La chute de Charles X était inéluctable à partir du moment où il a refusé de prendre en compte le résultat des élections de 1830, qui avait vu la victoire des libéraux. N’acceptant pas celle-ci, Charles X et Villèle décident de modifier la loi électorale, ne donnant le droit de vote qu’aux propriétaires fonciers, et restreignent encore un peu plus la liberté de la presse. Ce sera la goutte d’eau qui fera déborder le vase des revendications, le peuple de Paris se soulevant en masse malgré une répression sanglante de la troupe. Mais au bout de trois jours, les « Trois glorieuses » (27,28 et 29 juillet 1930, le roi finit par abdiquer en faveur de son petit-fils, le duc de Bordeaux, ce qui fut sans effet sur le déroulement des évènements. Du coup, Charles X quitta une nouvelle fois la France, et mourra en exil en Slovénie à l’âge de 79 ans (6 novembre 1836).

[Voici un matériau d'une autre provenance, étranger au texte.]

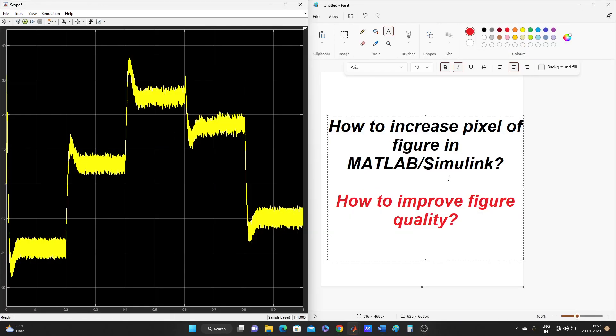Hello guys, welcome to my YouTube channel MATLAB and RTLab. Today our topic is how to increase pixel of figure in MATLAB Simulink, or you can say how to improve the figure quality of MATLAB Simulink figures.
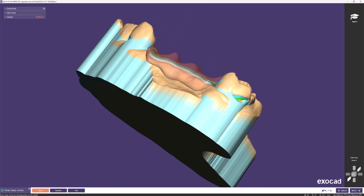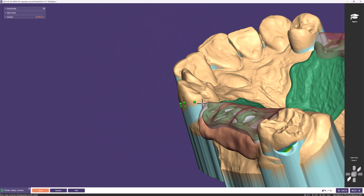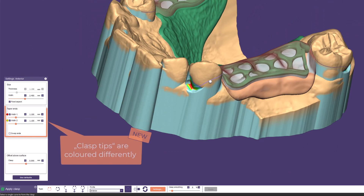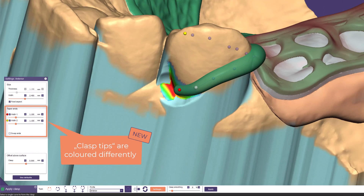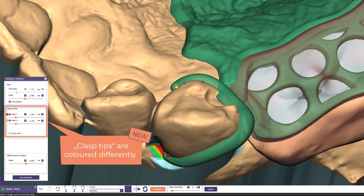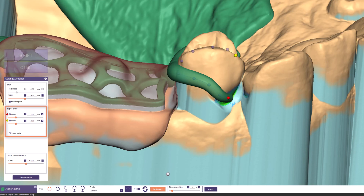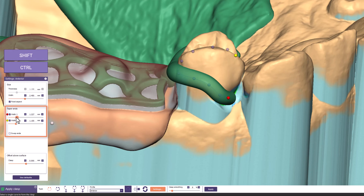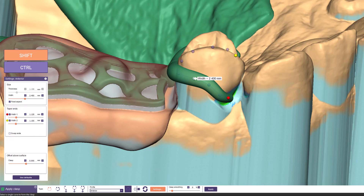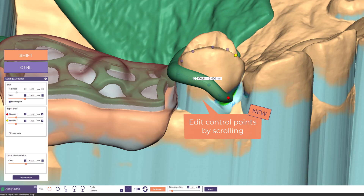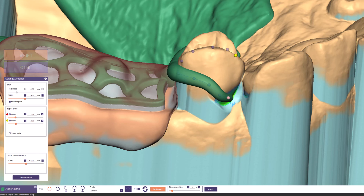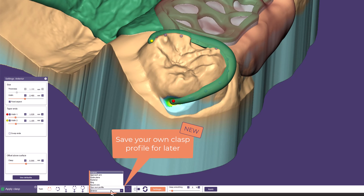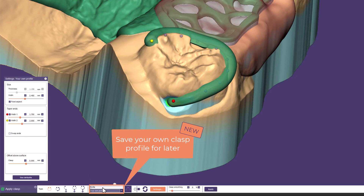Now we draw all our clasp curves quickly and fast-forward to the next step. The clasp tips are colored differently in red and yellow, and a third end would be colored in cyan, helping you see at a glance which part you are changing when setting up tapered ends. You can hover over the control points of your curve — holding Shift displays the width of the clasp, and scrolling with the mouse wheel changes the width or taper end dynamically. You can also save your own clasp profile for reuse in future designs.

 Son bilan restera pour la postérité extrêmement controversé, même si certains ont essayé de le réhabiliter en raison essentiellement de ses succès en politique étrangère. Cela dit, la manière dont il exigea des anciens esclaves de l’île de Saint- Domingue (qui s’étaient soulevé contre la colonisation française en 1803), qu’ils indemnisent en 1825 leurs anciens maîtres pour s’être affranchis, ne peut qu’être ajouté à son débit. En revanche la victoire de Navarin (Péloponèse), remportée par une coalition franco-anglo-russe (juillet 1827) ce qui amena à l’indépendance de la Grèce en 1830, est à mettre à son crédit, même si la France n’y gagna qu’un supplément de prestige supplémentaire, ce qui ne fut pas le cas pour Charles X et son ministre Villèle, qui ne purent empêcher la victoire des libéraux aux élections. Enfin on n’oubliera pas l’expédition contre le dey d’Alger (6 juillet 1830), premier pas de la conquête de l’Algérie par la France.